The Authority has been a user of InfoWorks CS and InfoWorks WS for several years now. The level of activity undertaken in-house by WSACC on both collection and distribution systems can be handled by one modeler, so the fact that the interfaces of the two InfoWorks products are identical is beneficial. Since starting to use InfoWorks for modeling both collection and water supply systems, great progress has been made in completing the network modeling process.

An example of the value of maintaining a model for use in making infrastructure design decisions came recently when WSACC reviewed the capacity required to meet a projected increase in flows in its interceptor network. WSACC handles flows that originate in an adjacent county. It was evident that the projected flow from commercial areas - both a shopping mall and the nearby NASCAR racing circuit - raised questions about the capacity of the affected interceptor.

WSACC used the services of an engineering firm to design a parallel system for the existing 30 inch interceptor near the area in question. Flows were projected using the 2000 Master plan criteria for the years 2025 and 2050. The results produced were comparable with the flows in the 2002 Master Plan, and on this basis a new sewer line, parallel to the existing 30” line, was recommended.

WSACC had already modeled the relevant sections of the interceptor. Concerned about the very substantial investment involved, the engineering firm’s proposals were run through the model, which included the downstream part of the interceptor as it flowed to the treatment plant.

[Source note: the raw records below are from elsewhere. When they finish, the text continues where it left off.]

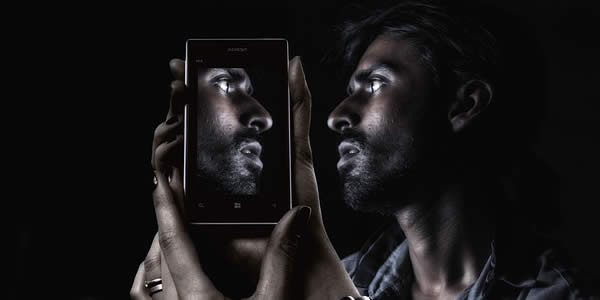 a man holds his cell phone reflecting his face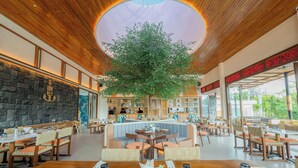 A restaurant with a central seating area, a stone wall, and a large tree in the middle. - Lomo Boutique Hotel & Villas, Uluwatu (Pecatu)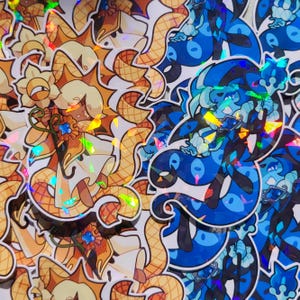 Pode incluir: Uma coleção de autocolantes holográficos com dois designs distintos. Um design apresenta uma personagem com um adorno floral e um corpo semelhante a uma serpente em tons de ouro e laranja. O outro design apresenta uma criatura azul com uma forma semelhante.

The model was calibrated using existing flows and flow projections were estimated for the years 2025 and 2050.

The result of the analysis was that the size of the parallel line could be reduced by 1 to 2 pipe sizes, representing a considerable saving in capital expenditure over the earlier proposal.

“We keep our models up to date so that they can be used for frequent analysis of projects that our jurisdictions require,” said Bhavana Sinha, the modeler for WSACC. “We have also used the models enough to have confidence in their results. So when we received the recommendations from the consultants it was fairly straightforward to use the model for validating the recommendations. Because the capital expenditure proposed was high, it was worth spending enough time on this validation to ensure that our money was being spent effectively.

“In the end we came to a different result, proposing a much lower cost solution, and we had done enough work to be confident that we were correct in our analysis.”

Sinha said the savings could be “measured in the millions of dollars.”

“It was a classic example of one relatively simple project providing payback many times over for the cost of purchase of the modeling software plus the cost of building the models,” he said.